The first theme is cast in binary form (aa, bb) in the tonic key, C major. The sonata opens with a grand set of three chords--tonic, dominant, tonic--followed by a delicate descending scale run from the sixth to the tonic scale degrees before arriving at a half-cadential end to the first four-measure phrase.  This is answered by a dominant statement of the opening idea and an embellishment of the scale-run that is given a perfect authentic cadence end to the second four-measure phrase.  The second part of Theme 1 constitutes a repeating "answer" that would be fairly typical of, say, a Haydn symphony from his later period.  All in all this sixteen-measure opening theme is pretty grand for solo guitar writing and it’s followed up by the start of the transition, effectively announced by the appearance of triplet figuration (marked out in green on page 1 above).

Sor effects his modulation by running through an initial alternation of the tonic and dominant in a way that would actually be pretty typical of the second strain of a ragtime piece.  After the third iteration of this pattern begins he shifts into a secondary dominant (V7 of V) in the form of D7 that leads to G major, from which the tonic-dominant oscillation is resumed with G as the newly tonicized key. It is from this G major tonic, established fairly quickly in the transition, that Sor jumps to E flat as a chromatic submediant to his intended new tonic in the dominant key.  In spite of the newly frenetic sextuplets chord work we're still looking at the same tonic-dominant oscillation pattern, this time between E flat major and B flat dominant 7. As Sor winds down this section he transforms E flat into a dominant seven chord that resolves down into a D major chord that evokes G minor half-cadential moods.  As Sor winds down his modulating transition he moves out of triplets and sextuplets into conventionally duple rhythm patterns on the half cadence aiming at the new tonic in the dominant key.

Now at the bottom of page 1 we get Group II, Theme 1 starting off the new section of the exposition. This new theme is essentially a variation of Theme 1 and this is most evidence in the recurrence of steady quarter-note melodic activity rising from the new tonic scale degree to the second scale degree. That this theme, new as it is, is so obviously indebted to the motifs of the opening theme will go a long way to explaining why this material only appears in the exposition and not in the recapitulation.  But we're getting ahead of ourselves there. Group II, Theme 1 aka Theme 2 actually repeats a bit before ending on another half cadence in the new key and this prepares the way for Group II, Theme 2 (indicated in red on page 2).

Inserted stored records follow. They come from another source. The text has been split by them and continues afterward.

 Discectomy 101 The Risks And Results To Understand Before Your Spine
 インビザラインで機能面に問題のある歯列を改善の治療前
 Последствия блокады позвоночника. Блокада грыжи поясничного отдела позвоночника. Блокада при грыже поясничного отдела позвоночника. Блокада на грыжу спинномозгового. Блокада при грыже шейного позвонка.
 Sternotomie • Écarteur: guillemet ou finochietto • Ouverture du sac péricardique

This new theme, Group II Theme 2 aka Theme 3, introduces genuinely new material--a dotted quarter note on B natural moving along down the scale diatonically toward another quarter-note pulsing pattern, once again on the dominant.  With the bouncy dotted rhythms Sor gives us a pretty straightforward I-IV-I-V cycle that resembles vocalize preparations for a rehearsing choir.  This leads to another little solo that lands on a B dominant 7 chord (i.e. V7 of vi within the key of G) that resolves deceptively not to E minor but to C major, which is the subdominant we'd expect anyway before the final push to the dominant and tonic for a theme from this period.   We get there by way of a secondary leading tone chord (C sharp fully diminished 7) to a second inversion G major chord followed by a G root tonic and a dominant alternation in two phrases.  This close to Group II, Theme 2 (aka theme 3) dovetails into the closing theme/coda, some frenetic tripleted sixteenth chord work that outlines the most relentlessly active diatonic scale runs in the exposition so far, audible as eighth notes in the lower register throughout and presented two times before the closing chords of the coda are played and the exposition repeats.  

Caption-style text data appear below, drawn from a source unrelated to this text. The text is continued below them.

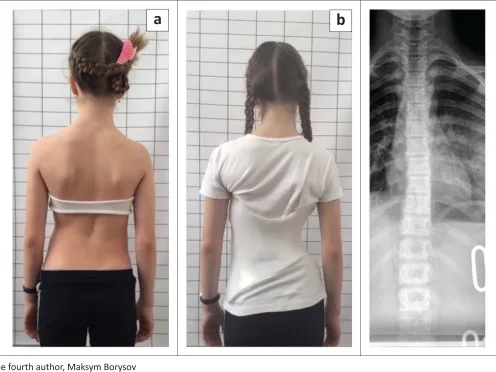 Thoracolumbar curve before bracing, strong in-brace correction in a Chêneau-style brace, and good clinical appearance after nine months
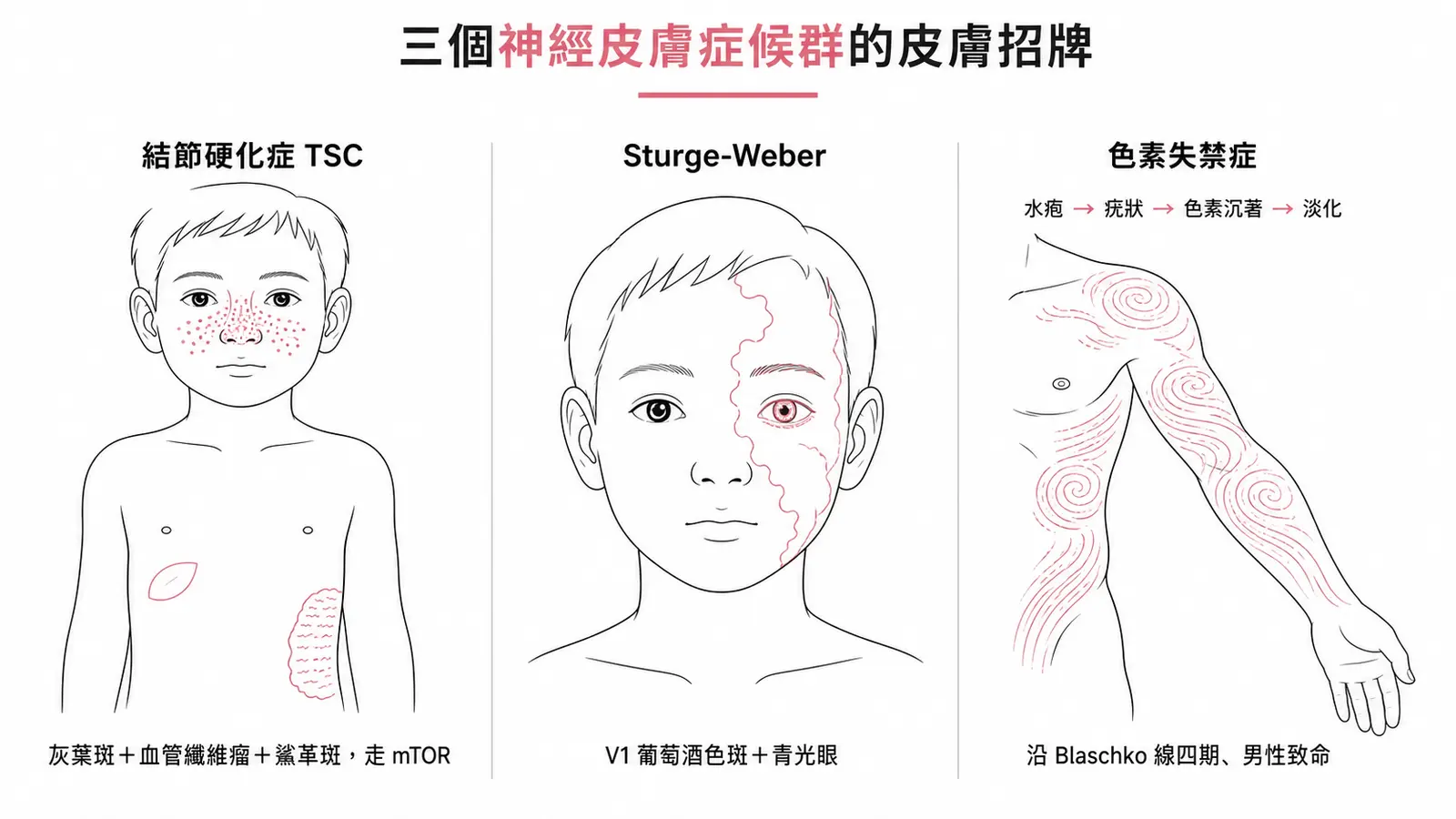 三個神經皮膚症候群的皮膚標記：結節硬化症有灰葉斑、臉部血管纖維瘤與鯊革斑；Sturge-Weber 有三叉神經 V1 分布的葡萄酒色斑；色素失禁症皮疹沿 Blaschko 線分四期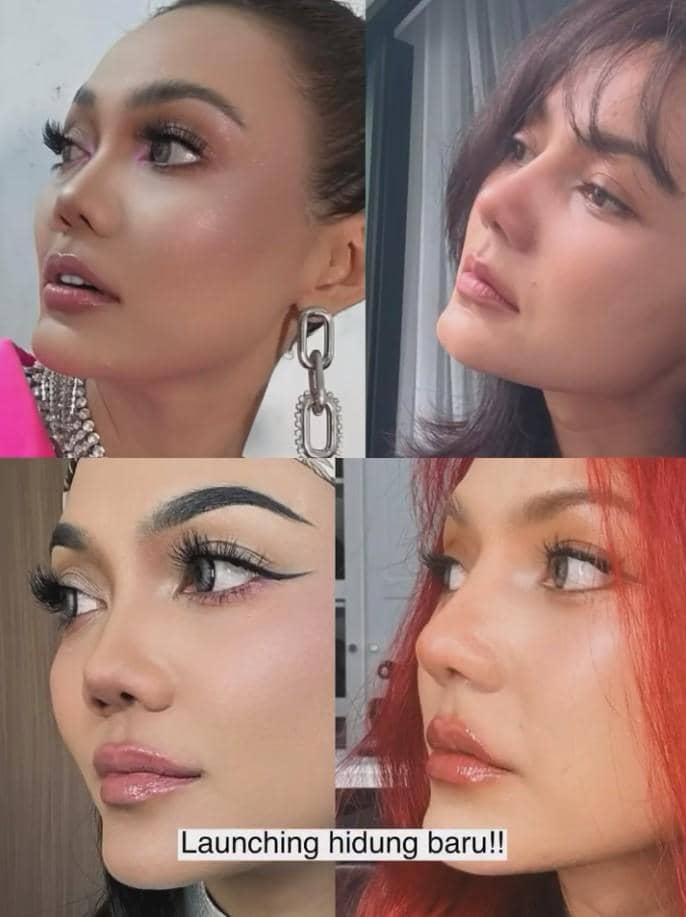 Rina Nose Operasi Hidung (instagram.com/rinanose16)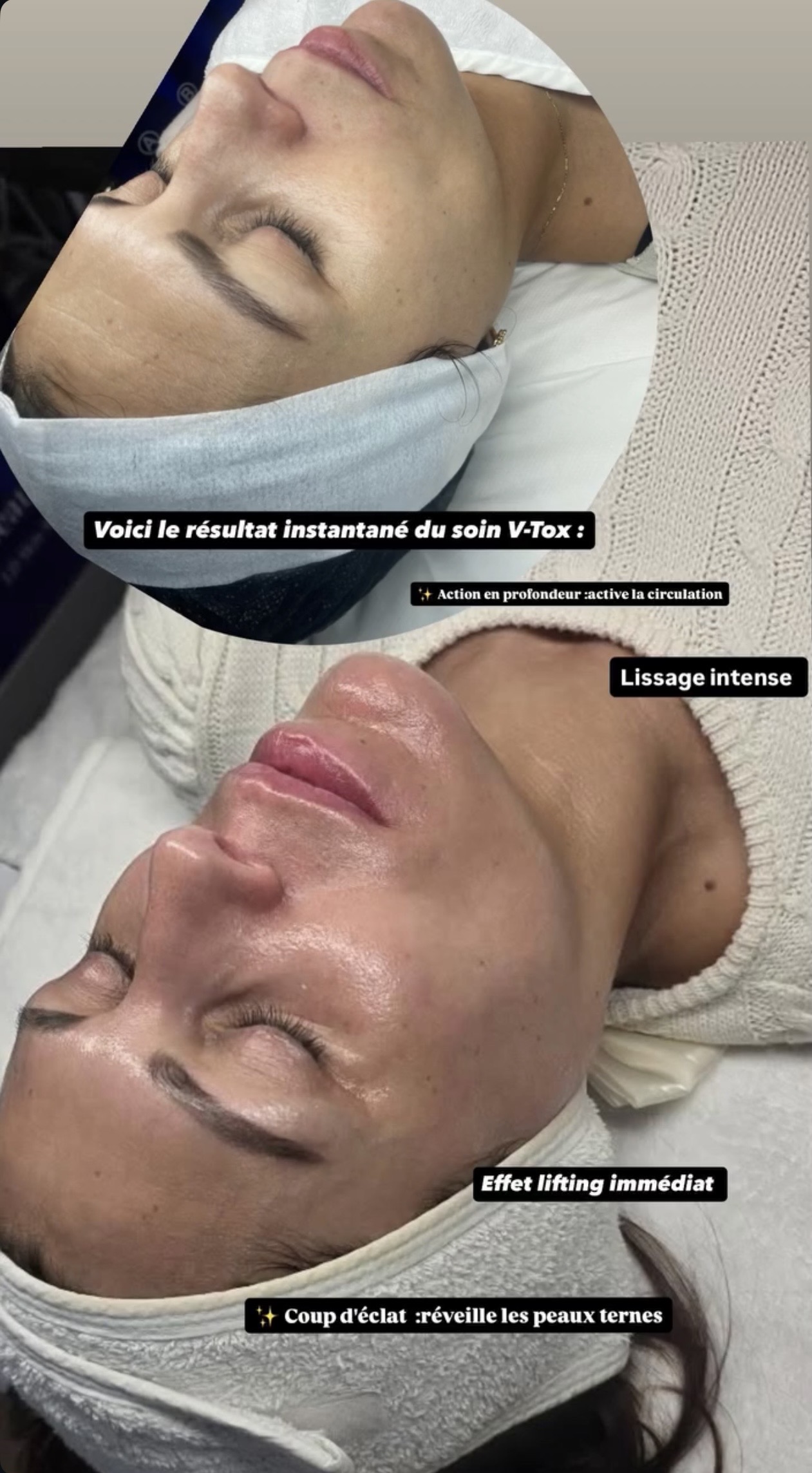 Résultat avant après Bell'Shain Beauty - 1 protocole anti âge, 1 séance, résultats immédiats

We'll move along to the development, which, as you'll see, is not very long.



The development is characterized chiefly by being in E flat major, the chromatic mediant key region in relationship to C major. The broad notes in the treble at the start of the development can be thought of as a super-augmentation of the melodic pattern in part 2 of Theme 1. The derivation of subsequent development material from the closing theme is fairly easy to see and hear in the score but overall the development is characterized by being relatively short and not necessarily strongly or readily tied to working out of ideas in the exposition.  Given the simplicity and repetitiveness of the tonic-dominant oscillation and the pulsing note gestures across the exposition there's arguably a great deal of intra-exposition expansion and development of the material.  The development contribution to the form is chiefly presentation or exploration of remote key regions but here, too, the development simply expands upon a tonal region that was already presented in the modulating transition. 

So it isn't too long before Sor gets us to the recapitulation of Theme 1. 

What changes in the non-modulating transition is how the chain of root movements progresses.  We start with a tonic-dominant oscillation pattern but we go from I-V in C major to A minor/ E7 to A minor to C7 to F to C in first inversion to F to F# diminished and the preparation of a half cadential gesture that gets us back to C major as our re-established tonic. 

Which, of course, we get, but along the way in this transition we don't get Group II, Theme 1, which Sor has omitted entirely.  Instead we get Group II, Theme 2 and once it has been played we don't get the closing theme/coda material, either.  Instead we get a new coda that brings the first movement to a close.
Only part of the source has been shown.